Leif Thorsen

No. 79 – BC Lions
- Position: Offensive Guard

Personal information
- Born: Courtenay, British Columbia
- Listed height: 6 ft 5 in (1.96 m)
- Listed weight: 295 lb (134 kg)

Career information
- High school: Flathead High School
- College: Montana Grizzlies football
- CFL draft: 2001: 1st round, 8th overall pick

Career history
- 2001: BC Lions

Awards and highlights
- 2-time All-Big Sky Conference honorable mention;

= Leif Thorsen =

Canadian football player

Leif Thorsen is a Canadian former offensive guard for the BC Lions of the Canadian Football League (CFL). He was drafted by the Lions in the first round of the 2001 CFL draft. He played college football at the University of Montana.
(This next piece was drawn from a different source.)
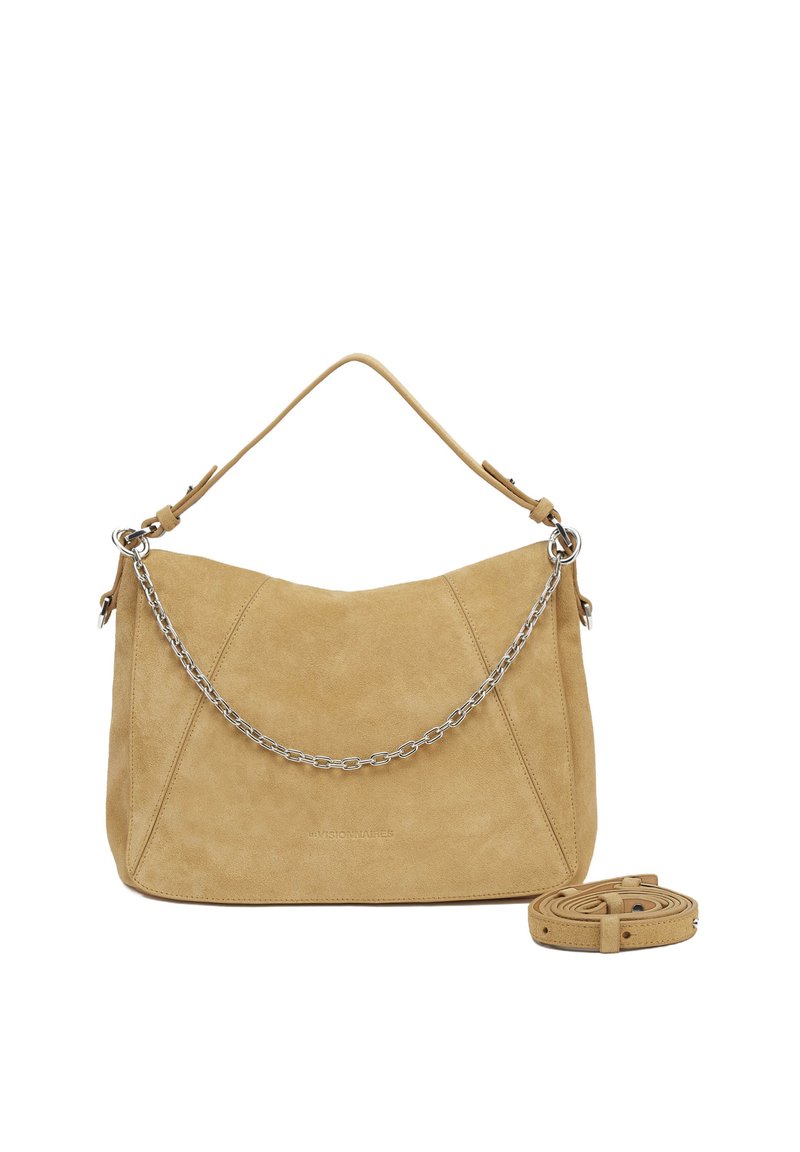 Wildlederhandtasche in Hellbraun mit einer strukturierten Form. Verfügt über einen abnehmbaren Riemen und ein silbernes Kettenakzent. Minimalistisches Design mit diagonalen Nähten.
== Early life and college ==

Thorsen was born in Courtenay, British Columbia and lived there until the fourth grade. He played high school football at Flathead High School in Kalispell, Montana. Thorsen then played college football at the University of Montana where he was a three-year starter at right guard. He became a two-time honorable mention All-Big Sky Conference selection.

== Professional career ==

Thorsen was chosen eighth overall by the BC Lions in the first round of the 2001 CFL draft. He played for the team for one season before retiring from football.